The Accountability Vacuum
When you replace headcount with API calls, who explains what went wrong?
As I write this, tech Twitter is collectively buying Mac Minis to run autonomous AI assistants that can execute terminal commands, install software, and manage other AIs. All while their owners are “out on a walk.” Users are calling it “hiring my first full-time AI employee.” The comment threads are full of people sharing how their AI “accidentally started a fight with my insurance company” and “runs my company.”
Meanwhile, IBM understood something forty-seven years ago:

“A computer can never be held accountable, therefore a computer must never make a management decision.” — IBM Training Manual, 1979
Forty-seven years ago, IBM understood something that’s been memory-holed in the current rush to replace jobs with API calls: accountability requires agency. Agency requires the capacity to be held responsible.
The principle wasn’t controversial then. It shouldn’t be controversial now.
And yet.
My LinkedIn feed has become a rolling obituary. Not of tasks eliminated, but of roles. Entire positions replaced by AI systems that cannot be fired, disciplined, questioned in a post-mortem, or asked what they were thinking.

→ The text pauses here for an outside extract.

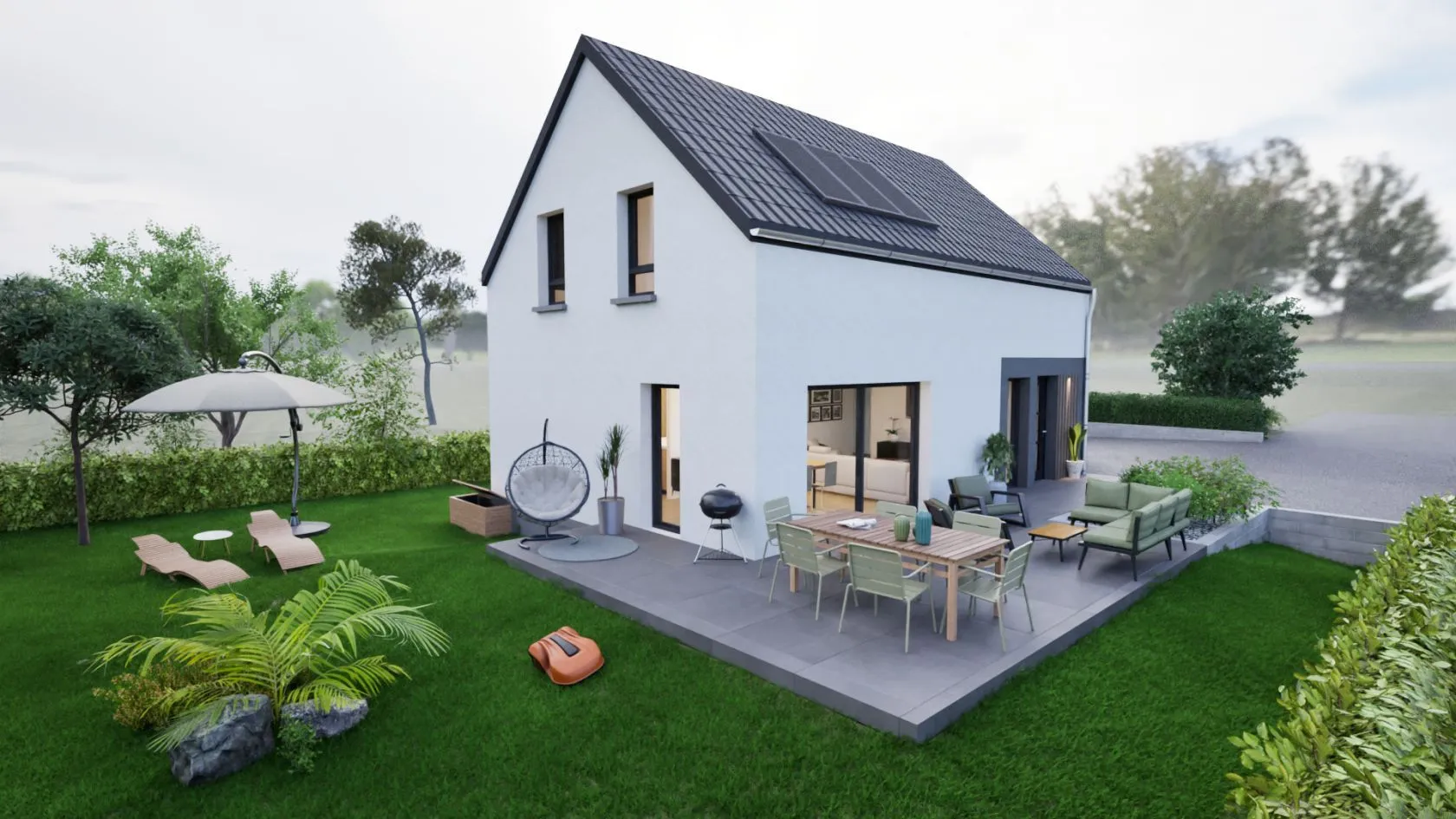 Maison neuve 125 m² à Dahlenheim (67310)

They weren’t thinking. They were predicting the next token.
This isn’t an argument against AI. It’s an argument against a specific flavour of organisational negligence that’s being dressed up as innovation.
The data bears this out. McKinsey’s latest numbers show 80% of companies have deployed generative AI in some form; and roughly 80% report no material impact. Nine in ten function-specific use cases remain stuck in pilot mode. That’s not “early days.” That’s a pattern.
Tasks vs. roles
There’s a distinction being ignored in most AI deployment conversations: the difference between automating tasks and eliminating roles.
Automating tasks is sensible. If AI can summarise documents, generate first drafts, process routine requests, or surface relevant information faster than a human—good. Use it. That’s what tools are for.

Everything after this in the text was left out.